For 2's compliment, as used in most computer / digital applications
has many advantages, but as it only has one value for zero, there is always one more -ve number than +ve

011 +3
010 +2
001 +1
000 0
111 -1
110 -2
101 -3
100 -4

To invert a 2's compliment number, invert all bits, and add 1

https://www.geeksforgeeks.org/digital-logic/twos-complement/




In signed number format

011 +3
010 +2
001 +1
000 +0
100 -0
101 -1
110 -2
111 -3

As you see, this has same number of states for +ve and -ve
But you end up with two zero values

To invert is just flip the top bit

 

Lets take a 2 bit magnitude system so total 3 bits.
Then we can represent.
000(+ and -0)
001(+1)
010(+2)
011(+3)
111(-1)
110(-2
101(-3)

Your thread title specifies two's complement, but your example is not for any standard representation. It also isn't complete, since you don't assign a value to the pattern 100. You need to go back and brush up on how two's complement representation works.

Furthermore, 2's complement doesn't have magnitude bits. What we call the "sign bit" really isn't, though it can be used to determine the sign of the value independent of the lower-order bits.

If it had magnitude bits, however, then you could determine the magnitude of the value without knowledge of what the msb was (what is commonly called the sign bit). But you can't. What we call the sign bit has a weight just like all of the other bits, it's just that its weight happens to be negative.

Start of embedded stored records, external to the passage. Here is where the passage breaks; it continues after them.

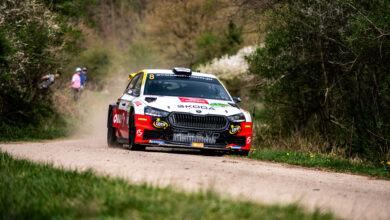 VIC, SPAIN - APRIL 10: 27 Rallye la Llana at Vic on April 11, 2026 in Vic, Spain. (Photo by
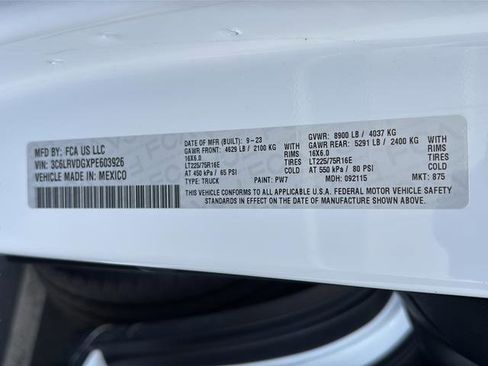 Used 2023 RAM ProMaster 2500 image 41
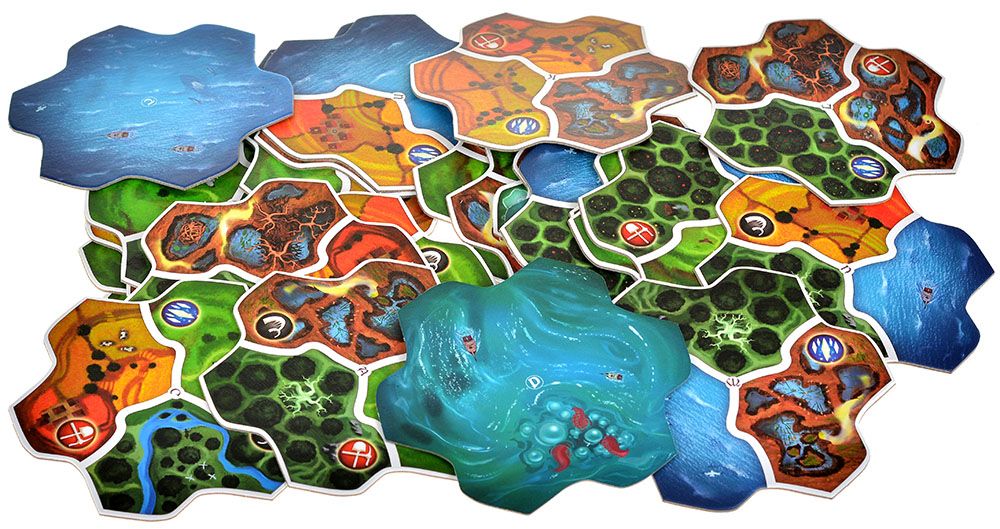 Настольная игра "Маленький Мир: Новые измерения"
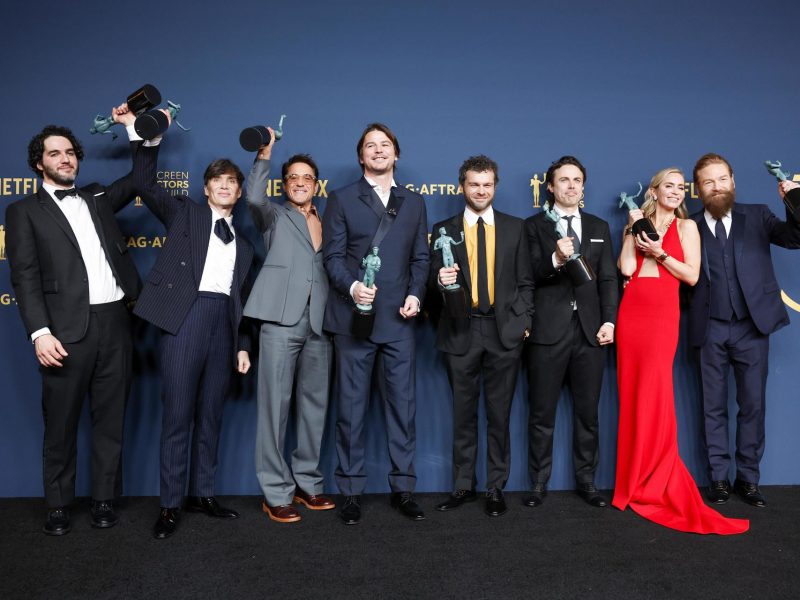 'Oppenheimer' se lleva el máximo galardón en los SAG Awards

So should not it be from +3 to -3 i.e. 2^N-1 to -(2^N-1)?

If N=3, then 2^N-1 is 7.

You need to revisit order of operations.

Also provide me references that I would appreciate very much.

References for what?

Since this is homework, you should have some kind of text or other study material. What does it say?

Otherwise, have you done any kind of search for two's complement? There are probably hundreds of thousands of sites that cover it. Go do some reading of some of what's out there and then ask specific questions about what is still not clicking.

Here are some questions to consider:

Given an N-bit pattern, how many distinct patterns are there?

How many patterns are needed to represent all of the values, v, where -M ≤ v ≤ +M (where M > 0)?

 

There are Two standard ways of representing integer numbers in binary
2's compliment and sign / magnitude.. 1s compliment is almost never used.

Ones complement is used by the overwhelming majority of people throughout much of the day. Every IP packet that makes up their network traffic uses it as part of the IP protocol to calculate the IP checksum.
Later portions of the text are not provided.